The book also reveals that even when in a neutral colony surrounded by enemy troops, a British foreign service officer supported the war effort. This support involved assisting Allied servicemen who had escaped while ensuring that neutral and Allied assets, especially shipping assets, were not seized or sold to the Axis forces. This involved devious and duplicitous methods, which make for an engaging and entertaining read and reveal how perilous Reeves's position was in Macao.

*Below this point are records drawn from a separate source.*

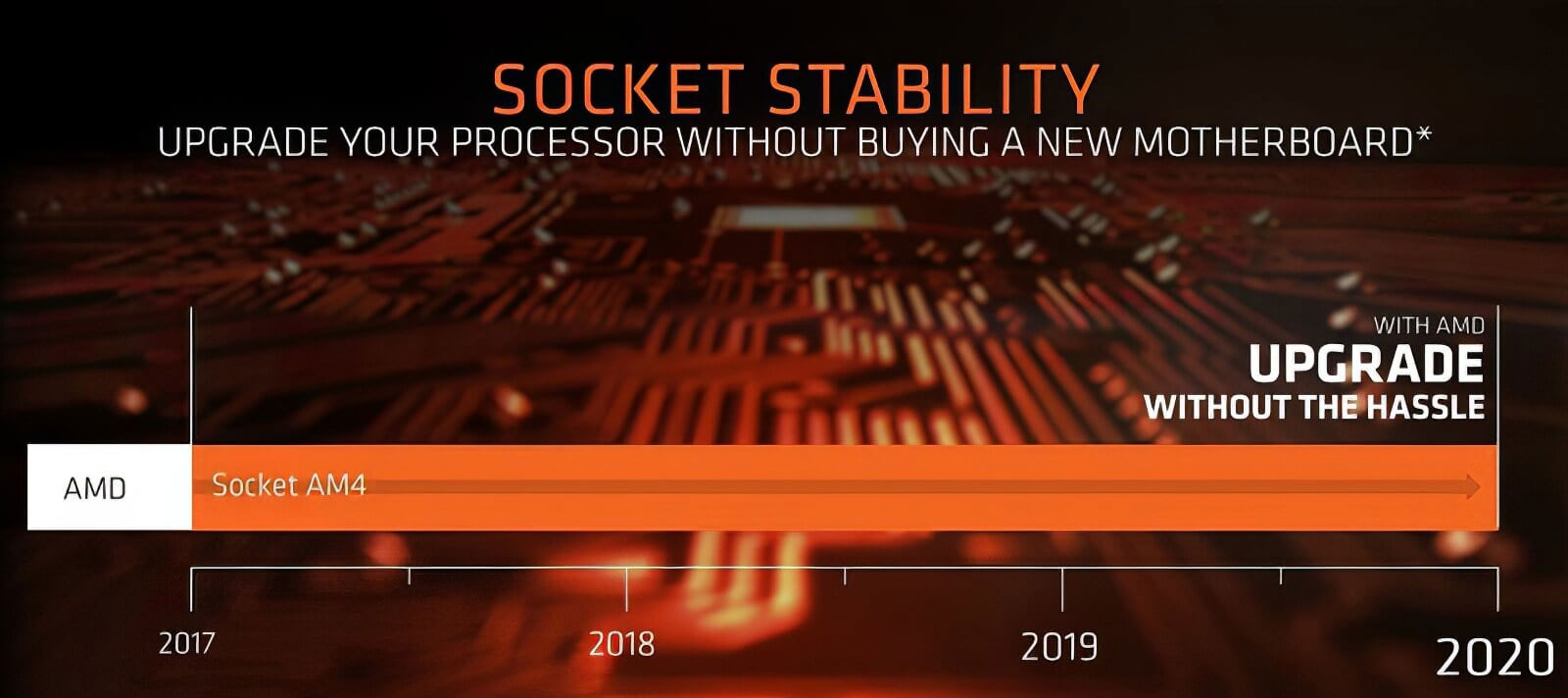 AMD ofrecerá soporte Zen 3 en placas base X470 y B450 después de todo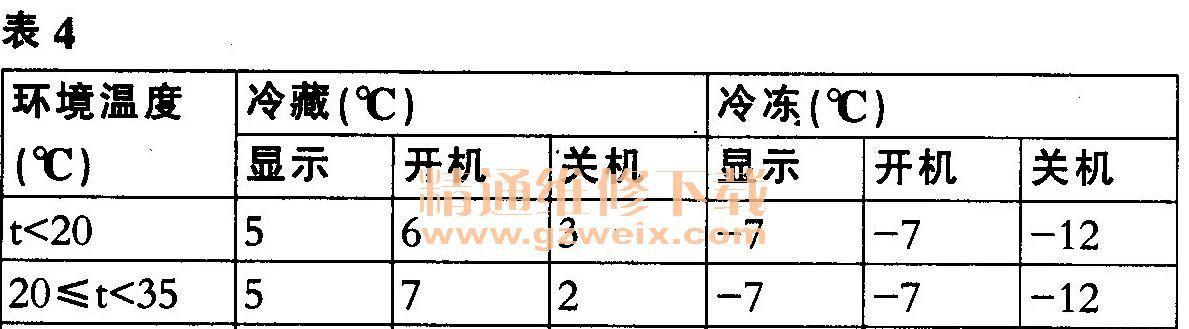 海尔冰箱冷藏室温度显示F1故障解析（详解F1故障原因和维修方法）  第1张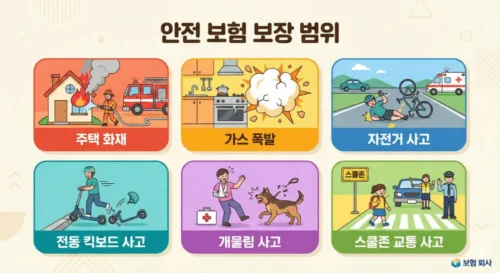 대구시민안전보험 2026 보장항목 화재 가스 자전거 개물림 사고 아이콘
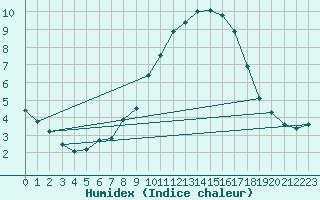 Courbe de l'humidex pour Schmuecke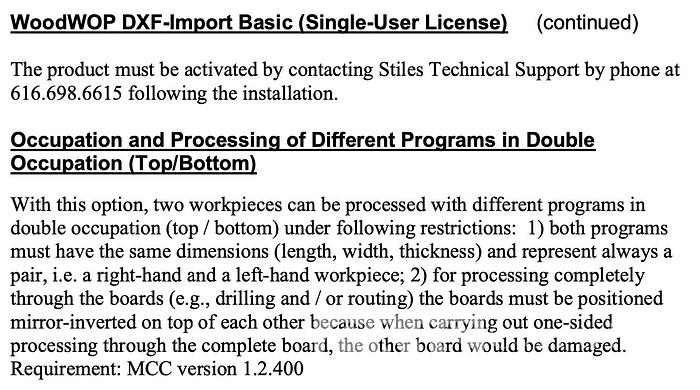 Used 2014 Weeke BHX 500 CNC Center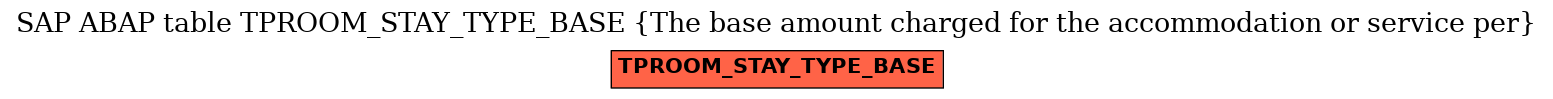 E-R Diagram for table TPROOM_STAY_TYPE_BASE (The base amount charged for the accommodation or service per)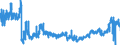 KN 2203 /Exporte /Einheit = Preise (Euro/Tonne) /Partnerland: Lettland /Meldeland: Eur27_2020 /2203:Bier aus Malz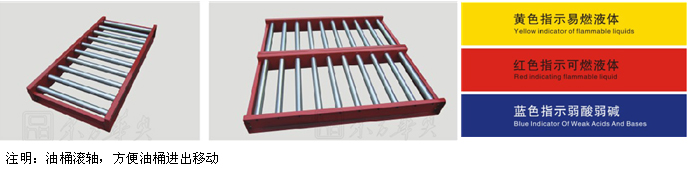 ���ƼҾ�|��ȫ��|�칫�Ҿ�|��ɫ��ȼҺ�崢�ع�|��ѧƷ��ȫ��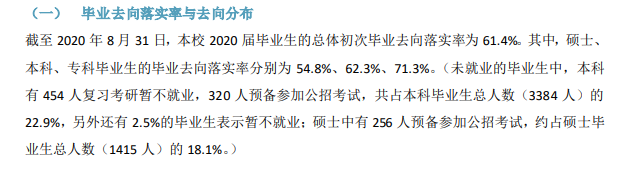 内蒙古大学就业率及就业前景怎么样（含2021届就业质量报告）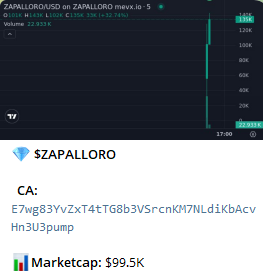 SENA_AstroX's tweet photo. $ZAPALLORO - 5X+ Entry Call       

E7wg83YvZxT4tTG8b3VSrcnKM7NLdiKbAcvHn3U3pump

Free Call Channel (Daily):   
https://t.co/qix6aiK9ch 

#SOL #Solana #memecoins #ZAPALLORO https://t.co/ZU8LA1wcta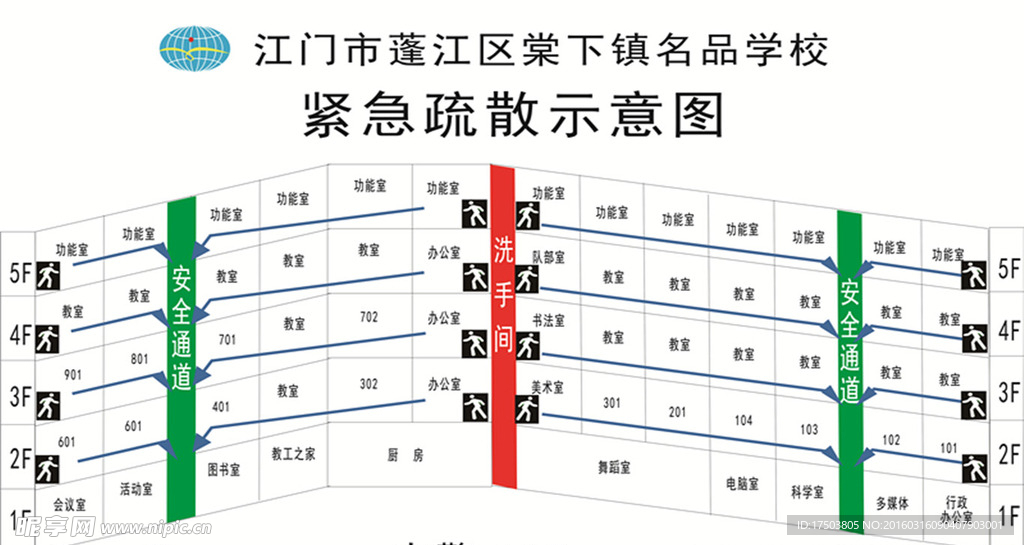 消防疏散示意图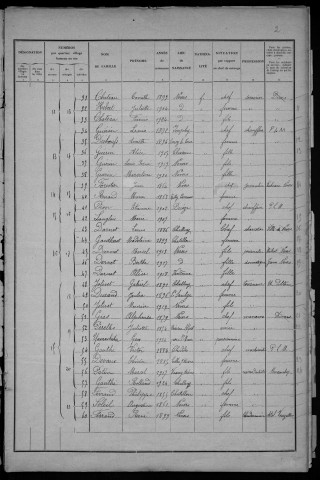 Challuy : recensement de 1931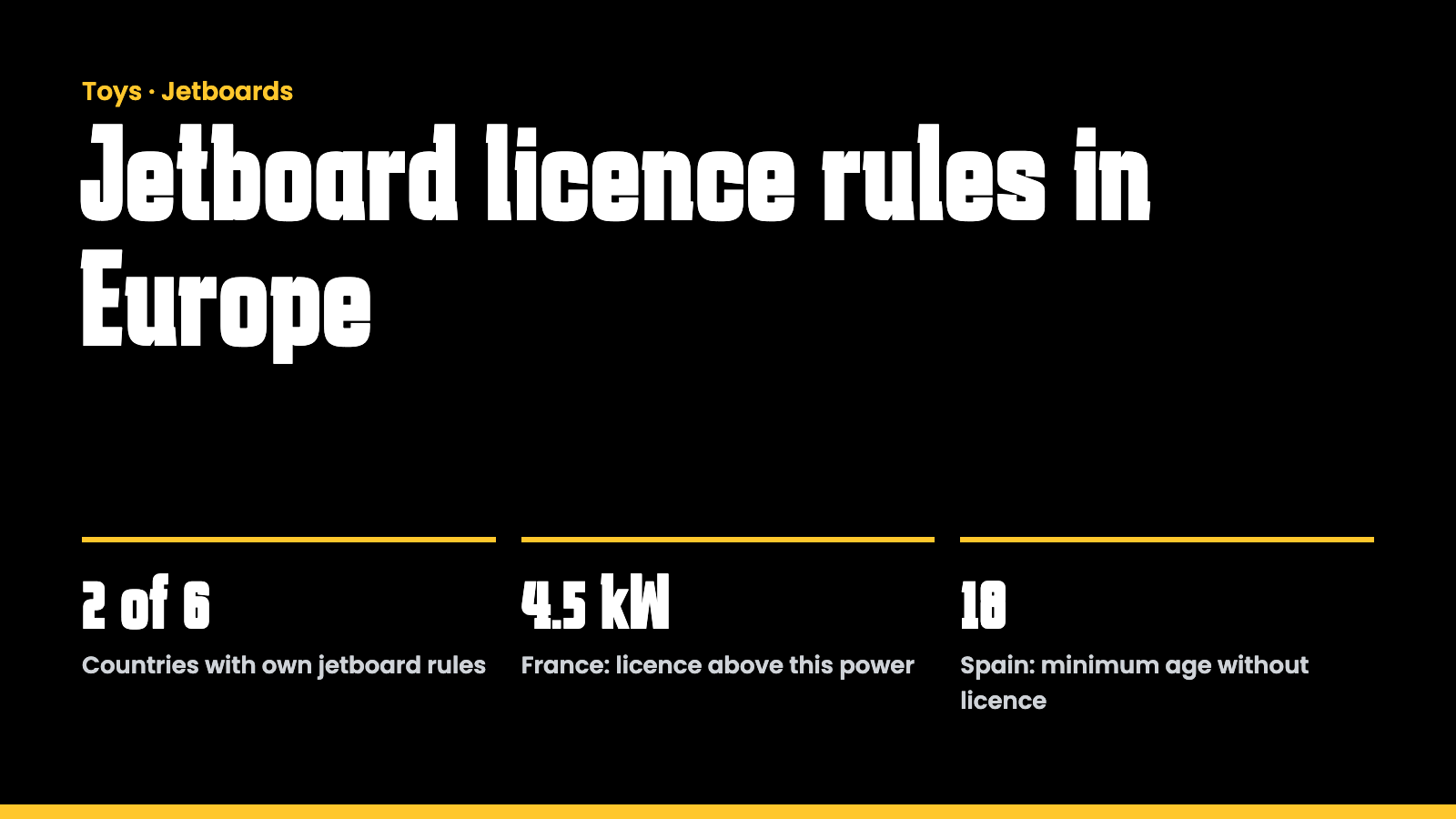 Key facts at a glance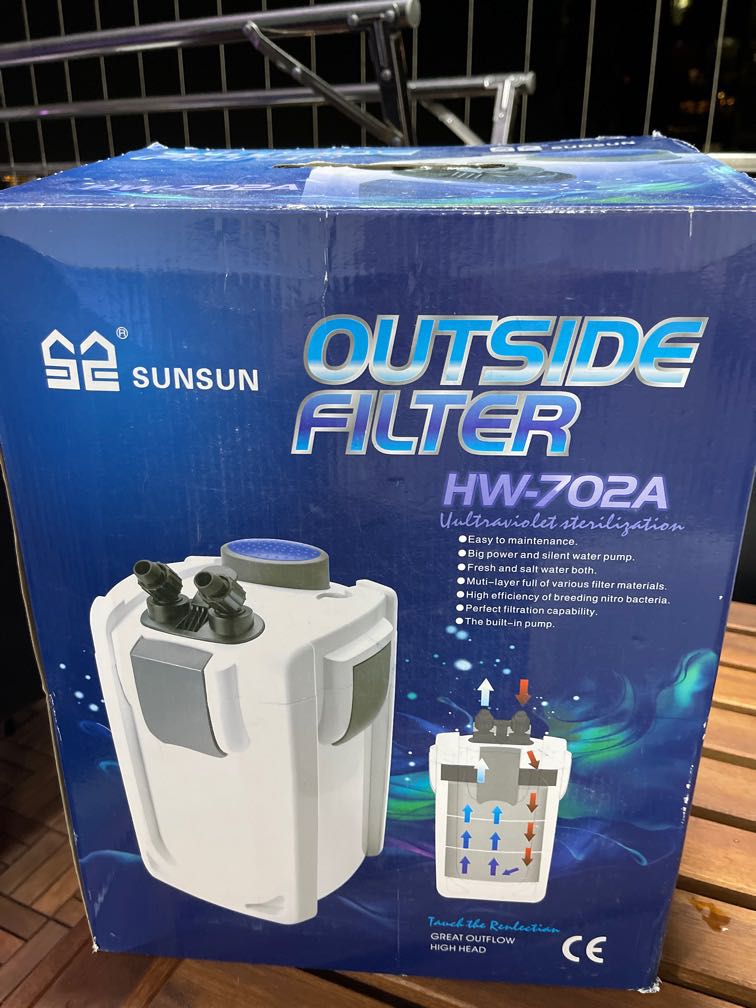 SunSun Ersatz-Filterkopf Für Aquariumaußenfilter HW-703A - 1400 L/h, 230 V, Rot/schwarz/weiß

As a micro-history, The Lone Flag is an excellent work for undergraduate and graduate students. It will serve general military, British, diplomatic, and Asian historians very well. The Royal Asiatic Society is to be congratulated for publishing such a valuable primary source and making it available to the wide audience it deserves. The Lone Flag highlights that the Second World War was truly a global war that seriously affected places as obscure as a Portuguese colonial backwater. However, The Lone Flag is more than a war memoir that explains the wartime tasks of an isolated foreign service officer. It also provides vivid insight into daily life in a neutral but isolated colonial outpost. The vignettes of a British official chasing and being chased by Japanese officials who were also enjoying Portuguese neutrality and the constant concern about food make clear the suffering the Second World War brought even to the neutrals.